On indiquera aussi que, comme le rappelle l’article L. 121-11 du code général de la fonction publique, tout fonctionnaire doit se conformer à l’article 40 du code de procédure pénale, c’est-à-dire qu’il est tenu de signaler au procureur de la République tout crime ou délit dont il aurait connaissance dans l’exercice de ses fonctions. Ceci vaut notamment à l’égard des constats d’atteintes à la liberté individuelle (article 432-4 du code pénal) et d’actes à caractère discriminatoire (article 432-7 du code pénal) commis par des dépositaires de l’autorité publique.
Enfin, on rappellera utilement que le devoir de réserve n’est en aucune manière un « bâillon » de la liberté d’expression du fonctionnaire qui, sous réserve du respect des obligations liées aux fonctions qu’il exerce, est légitime, comme tout citoyen, à participer au débat d’idées.
Que faire en présence d’un ordre qui apparaît manifestement illégal ?
- Si l’ordre hiérarchique n’a pas été formalisé, il est fortement recommandé de demander un ordre écrit.
- Sur la base de l’ordre écrit, il convient de demander conseil sur les suites à donner, en particulier auprès du référent déontologue dont relève l’agent, et sur le fait de déterminer si cet ordre peut être considéré comme relevant de l’exception posée par l’article L.121-10 du code général de la fonction publique, à savoir s’il est « manifestement illégal et de nature à compromettre gravement un intérêt public ».
- Il peut être utile de se renseigner, selon les moyens dont l’agent dispose, pour savoir si cet ordre correspond, au-delà du cas d’espèce, à des instructions plus générales qui relèveraient d’une note de service, d’une instruction ou d’une circulaire.
- Le cas échéant, l’agent peut être lanceur d’alerte, dans les conditions prévues qui encadrent ce statut et disposer des protections prévues à ce titre. Le lanceur d’alerte doit alors alerter la cellule dédiée au sein de son administration ou, si cela reste sans résultat, le Défenseur des droits ou le procureur de la République, ou enfin rendre public le signalement si cela est « nécessaire à la sauvegarde des intérêts en cause ».

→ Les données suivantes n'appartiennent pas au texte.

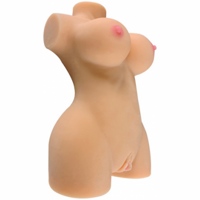 «Busty Lady» - Мастурбатор- фото3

- Les organisations syndicales peuvent apporter l’accompagnement et dispenser les conseils nécessaires, jusqu’à appuyer l’agent dans ses démarches pour contester, le cas échéant, toute mesure de rétorsion que prendrait l’administration à l’égard de l’agent. Les syndicats peuvent même être fondés à engager des actions de groupe en la matière. En effet, le législateur a ouvert la possibilité d’actions de groupe, permettant à un syndicat de fonctionnaires, agissant au nom de fonctionnaires sur le fondement de l’article L. 77-11-2 du code de justice administrative, d’intenter une action visant à mettre fin à une discrimination subie par ces fonctionnaires ou à réparer le préjudice résultant d’une telle discrimination, ceux-ci pouvant ensuite individuellement se prévaloir du résultat ainsi obtenu en leur nom devant le juge.
- En parallèle et au préalable, si l’ordre apparaît manifestement illégal et de nature à compromettre gravement l’intérêt public, il est évidemment vivement conseillé de s’abstenir de l’appliquer, notamment en se prévalant auprès de sa hiérarchie de la loi pénale (article 122-4 du code pénal).